# Thread: Correct me if im wrong.. but

1. ## Correct me if im wrong.. but

The function of $cos \pi/6 =$ the cofunction of $sin \pi/6$ or something similar... (forgot how it was worded)

and would something like -2sin(4x)sin(-2x) be the same as 2sin(4x)sin(2x)

2. Originally Posted by 3deltat
The function of $cos \pi/6 =$ the cofunction of $sin \pi/6$ or something similar... (forgot how it was worded)

and would something like -2sin(4x)sin(-2x) be the same as 2sin(4x)sin(2x)
Sine and Cosine are Co-functions.
Meaning,
$\sin x=\cos \left( \frac{\pi}{2} -x \right)$
In the same way,
Tangent and Cotangent are cofunctions.
And,
Secant and Cosecant are cofunctions.

You can use this mnemonic to remember the properties of trigonometric cofunctions.

3. Sine and Cosine are Co-functions.
Meaning,

In the same way,
Tangent and Cotangent are cofunctions.
And,
Secant and Cosecant are cofunctions.
Ah.

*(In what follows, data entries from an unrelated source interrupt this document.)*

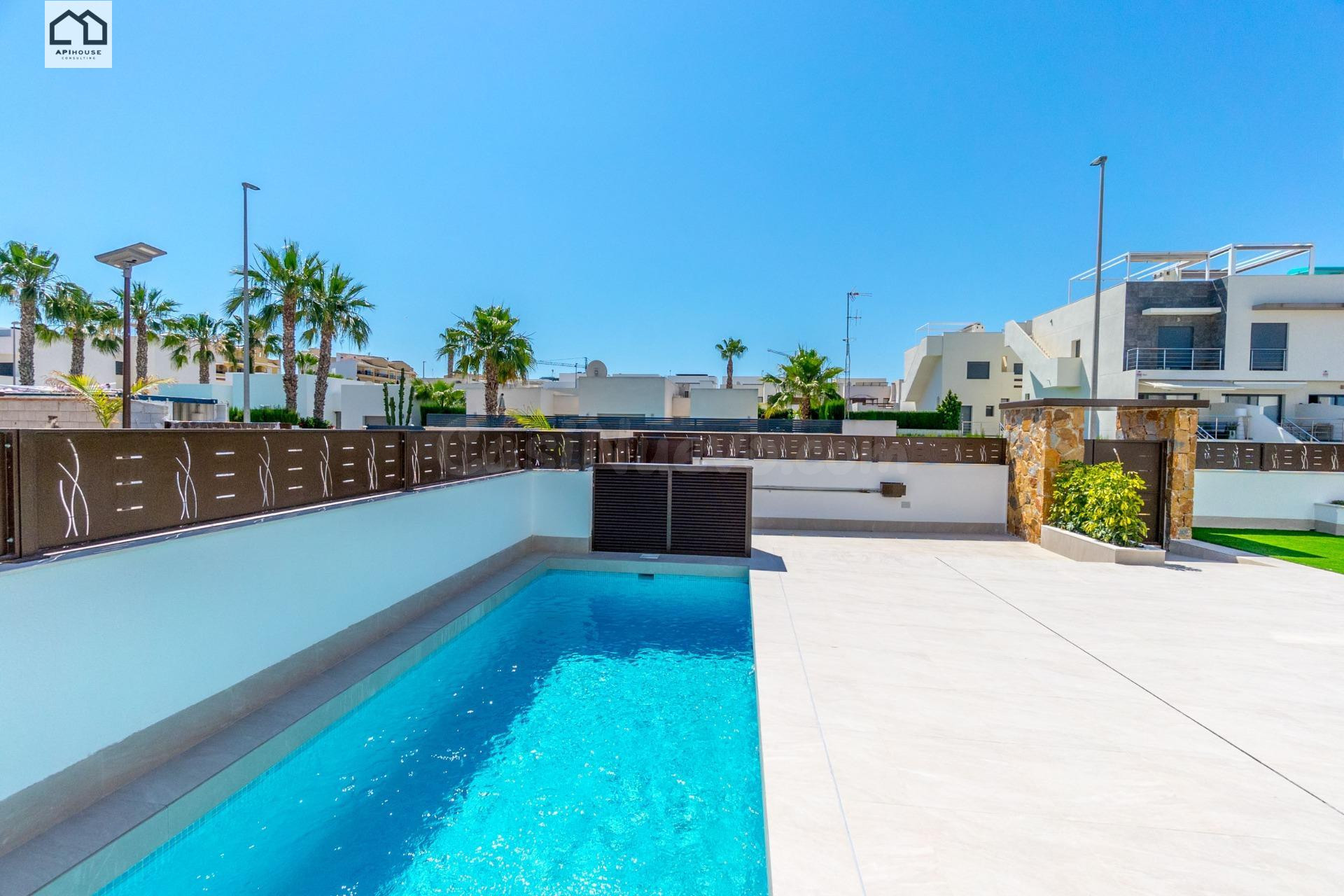 Adosado de obra nueva con piscina, solárium y acabados de lu - foto 2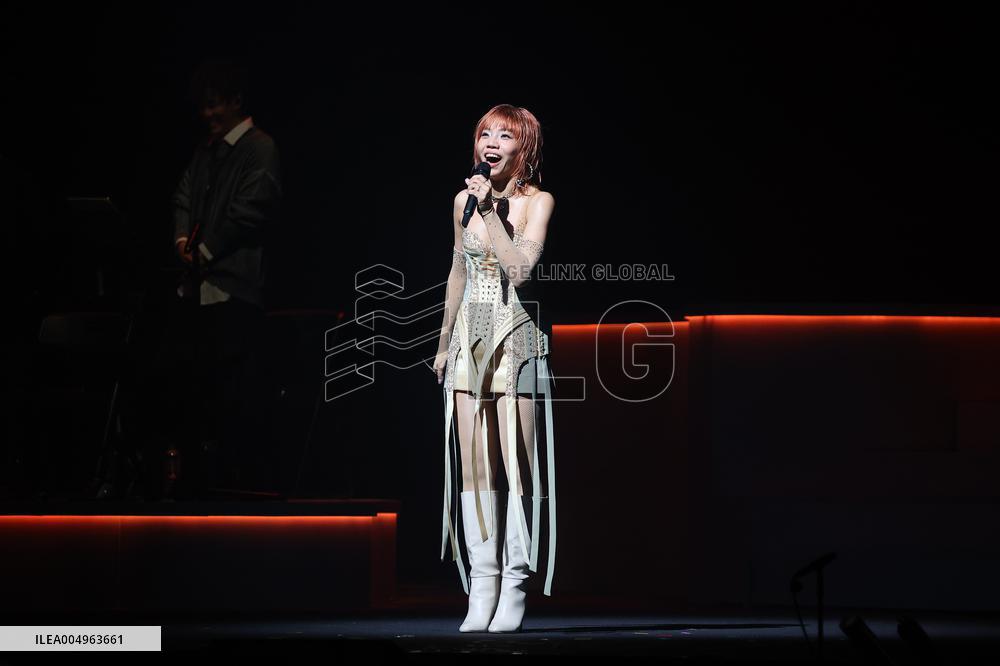 Female Singer Pei Yu Hung Concert in Taipei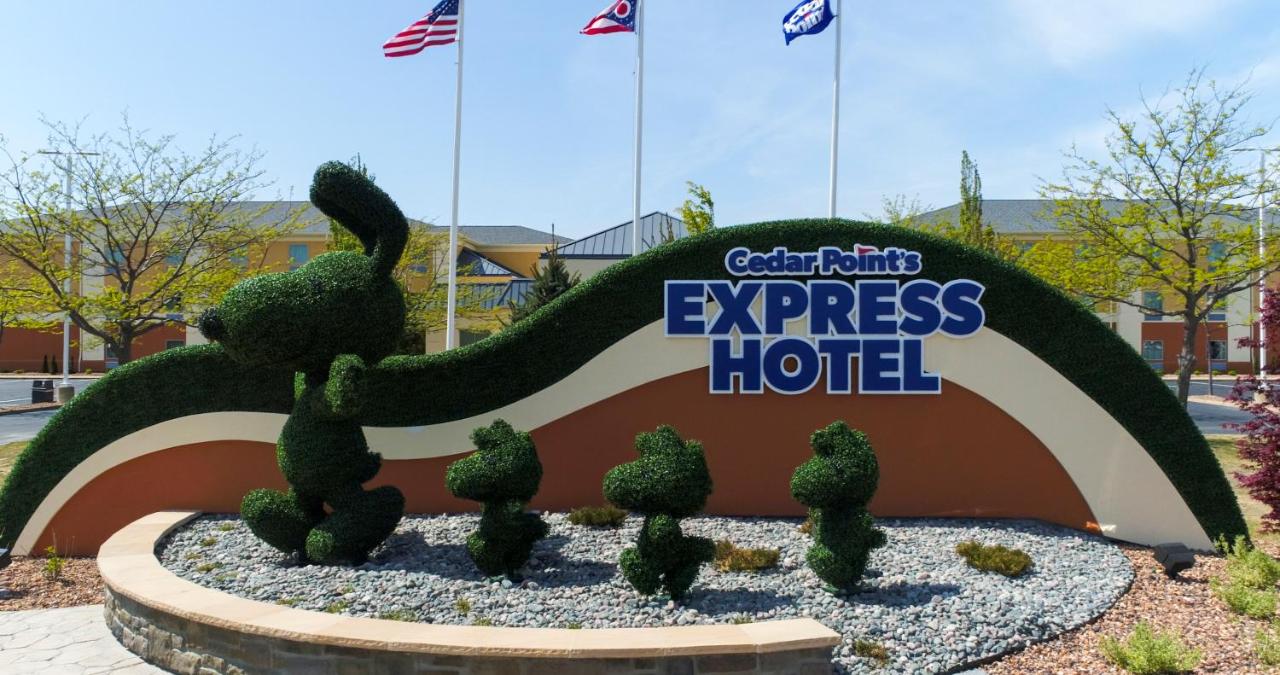  | Cedar Point's Express Hotel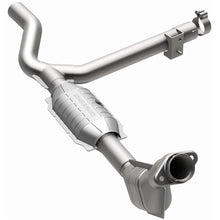 Load image into Gallery viewer, MagnaFlow Conv DF 99-00 Ford F-150 4.2L 50S (447142)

So the statement "The function of $cos \pi/6$ Would = the cofunction of $sin \pi/6$ ? =)

4. Originally Posted by 3deltat
Ah. So the statement "The function of $cos \pi/6$ Would = the cofunction of $sin \pi/6$ ? =)
Thus, the by the cofunction identities,
$\cos \frac{\pi}{6}=\sin \left( \frac{\pi}{2} - \frac{\pi}{6} \right)=\sin \frac{\pi}{3}$

5. Originally Posted by 3deltat
would something like -2sin(4x)sin(-2x) be the same as 2sin(4x)sin(2x)
As sine is an odd function $sin(-x) = -sin(x)$. Thus
$-2sin(4x)sin(-2x) = -2sin(4x) \cdot -sin(2x) = 2sin(4x)sin(2x)$.